The look Kimo gives me can best be described as exasperated. “What,” he says, not asks, his voice flat.
I barrel on anyway, refusing to back down. It seems very important, somehow, not to concede any ground on this. “You say you want to put your kids first—so then why are you handing over all of your assets to Pika?”
Kimo sighs, releasing his hold on me long enough to rub the bridge of his nose. “It isn’t that simple?—”
“It is that simple!” I insist. “You can’t give that asshole what he wants. It isn’t right. It isn’t fair!”
“What do I care about fair?” Kimo shrugs his broad shoulders. “This way I don’t have to drag the kids through a custody case. We get Pika out of our lives for good. And it’s just money. I’ll make more, or I won’t. I’ll be a caddy again, or a handyman, or whatever it takes to keep us afloat.”
“And what about when the kids want to go to university?” I challenge him. “Or your mom needs medical expenses covered? Or your house needs a new roof? It won’t be ‘just money’ then.”
Kimo shakes his head. “Why are you so hung up on the money—because you want some kind of rich, fancy kahu who’ll buy you nice things and take you nice places?”
It feels like I’ve been slapped in the face, hard.

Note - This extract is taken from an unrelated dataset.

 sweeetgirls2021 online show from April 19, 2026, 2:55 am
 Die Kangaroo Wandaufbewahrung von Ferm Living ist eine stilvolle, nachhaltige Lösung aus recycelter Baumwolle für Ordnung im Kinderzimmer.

“Isn’t that why you went after Jay the second you dropped me?” Kimo challenges, doubling down. “Or is it true love with the guy who barely knew your name a couple weeks ago?”
Up to this point, I’ll admit freely, some of my anger has been performative. I’ve been wrong-footed, and I don’t like that feeling, so I tried to find ways to make Kimo the bad guy in all this. I really don’t want him to give his money to Pika, but that could have been a civilized conversation, if I were a less volatile person.
Right now, though? This feeling? Is not performative anger. I’m furious. Blindly, seething-with-rage furious. I draw myself up to my full height, and thanks to the heels I’m wearing, I’m not too far off from Kimo’s towering size.
“Listen to me, Засранец ,” I bite out at him. “I never once asked you for your money. I’m just fine with my life of working and watching DVDs and going to book club with my friends. I don’t need anyone—not you or Jay Eastman or anyone else—to pay my way.”
I take a moment, letting that sink in, before I continue. “You can tell yourself whatever you want about my advice, but I’m not wrong. You think it’ll be hard for the kids to go through a custody case? What happens when they find out their birth father sold them for their inheritance? And I’m sure you don’t mind hard work, but I promise you, it’s different when you have other people you’re taking care of and not just yourself. You have to work that much harder, and sacrifice that much more, and still try to be everything else they need you to be.” I swallow, thinking of Sasha and Alina. “And you’ll more than likely fail. Despite all your best efforts.”
Kimo stares at me like he wants to hold on to his anger yet can’t help but hear the truth in my voice. “People do it all the time. There are lots of single parents with low-income jobs who survive just fine.”
“Yeah, they do,” I agree. “But sometimes that’s all they can do—survive. Don’t you want more for your children? Don’t you want more for yourself?”
I can tell I’ve thrown Kimo for a loop, and despite my other faults, I’ve always known when it’s time to make an exit. “It’s your choice. It really has nothing to do with me anymore, does it?”
And with that, I make a beeline for the stairs.